Thursday, September 26, 2019

Palmetto Bay responds with its hard-hitting discovery requests served upon the Petitioner LUXCOM. Update on Administrative action filed by Petitioner, YACHT CLUB BY LUXCOM, LLC. Two discovery demands filed Thursday, September 26, 2019. Read the details.

Interesting reading. You can start to get a feel for how this case will be litigation before the Administrative Law Judge come December. The Attorneys for the Village of Palmetto Bay served the Petitioner, LUXCOM, with the following requests for discovery on Thursday, September 26, 2019: 

1. The Respondents' First Request for Production to Petitioner (13 pages, 53 numbered requests, beginning page 6 of the document.
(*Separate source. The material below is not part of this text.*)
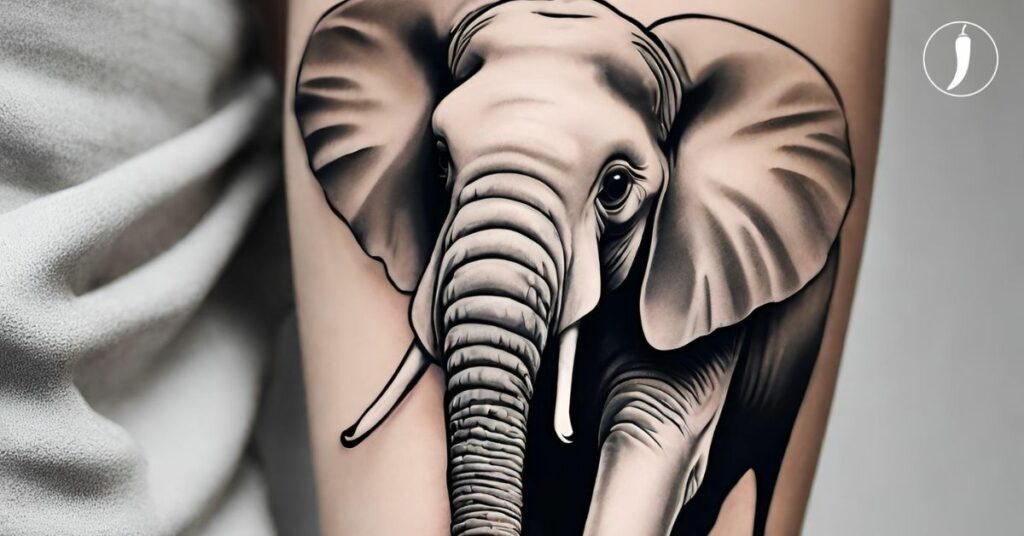 Tatuagens da sorte - Elefante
CLICK HERE to view the complete Request as filed)

2. The Respondents' Notice of Service of First Set of Interrogatories to Petitioner. Note that only the notice of service is filed, the actual Interrogatories are not required to be filed (CLICK HERE to view the complete 2 page notice as filed)
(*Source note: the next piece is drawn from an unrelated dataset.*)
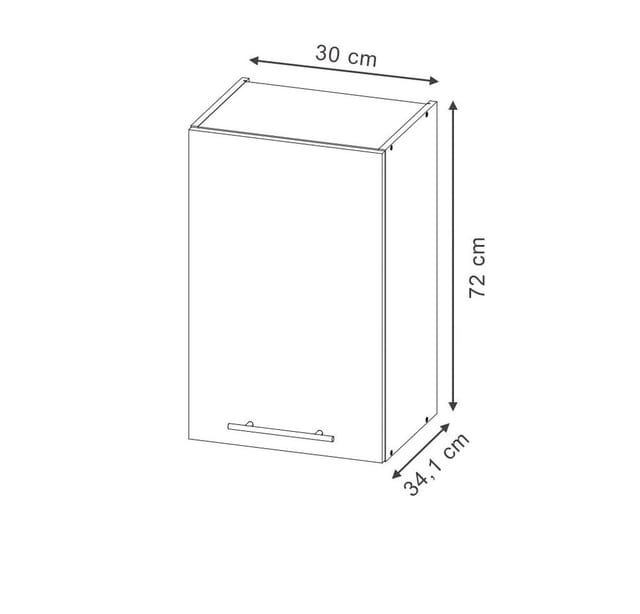 Vicco Hängeschrank Fame-Line Weiß Grau-Beige gerahmt 30 cm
MORE INFO - Research source, See: Florida Rules of Civil Procedure, RULE 1.350 PRODUCTION OF DOCUMENTS AND THINGS AND ENTRY UPON LAND FOR INSPECTION AND OTHER PURPOSES (CLICK HERE for an online reference)
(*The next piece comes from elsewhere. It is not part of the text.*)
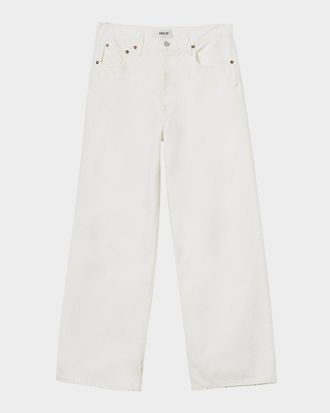 A Gold E Low-Rise Wide Baggy Jeans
MORE INFO - Research source, See: Florida Rules of Civil Procedure, RULE 1.340 INTERROGATORIES TO PARTIES (CLICK HERE for an online reference)

Some explanation as to the impact of what was filed/served:

What are Interrogatories? These are written questions that are served upon the opposing parties and must be answered under oath. There is a 30 question limits per Interrogatory request and standard forms must be used when such approved standard forms exist. 

EDITOR’S NOTE: There are no standard Interrogatory forms for this type of case.

What are Requests for Production of Documents? Written requests that are served upon the opposing parties seeking examination of documents, or allowing for copies of written documents, emails, photos and similar items related to the case and may be used at trial or for follow up discovery.

A party must respond in good faith – courts frown upon “gamesmanship” an attempt to avoid discovery. Motions filed to address gamesmanship may include (but are not limited to): Motions to Compel, to compel better/more complete answers, or even for sanctions if prior discovery orders of the Court are not properly complied with. The Court will sometimes enter sanctions ranging from reimbursement of attorney’s fees to more severe sanctions that could include the striking of pleadings and/or dismissal of the action. 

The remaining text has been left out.